La «toile» monumentale de Robert Green samedi contre les Etats-Unis dans le Mondial-2010 (1-1) s'inscrit dans une tradition des portiers anglais: tournoi après tournoi, ils suscitent l'hilarité du monde et ruinent les rêves de gloire de leur sélection.

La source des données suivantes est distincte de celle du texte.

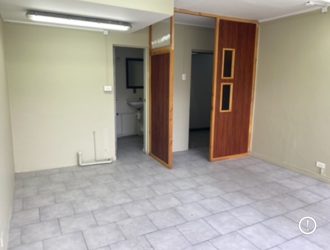 OFICINA PLENO CENTRO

Green, 30 ans, est l'héritier de Peter Bonetti et David Seaman, responsables des éliminations des Coupes du monde 1970 et 2002 contre l'Allemagne de l'Ouest et le Brésil; de David «Calamity» James, qui arrondit ses fins de mois en faisant la promotion d'un DVD sur les plus grosses bourdes de l'histoire; de Paul Robinson et Scott Carson, à l'origine de l'absence à l'Euro-2008.L'Espagnol Iker Casillas avait prévenu l'Angleterre qu'elle avait «un gros problème». Plutôt que de le taxer d'«irrespect», elle aurait dû l'écouter.

Le choix est limité pour le sélectionneur Fabio Capello, qui devrait arbitrer entre la jeunesse de Joe Hart et l'expérience de David James pour affronter l'Algérie vendredi: ses trois gardiens font partie du club fermé des cinq Anglais titulaires en Premier League... Aucun des huit premiers du championnat ne confie le rôle à un local.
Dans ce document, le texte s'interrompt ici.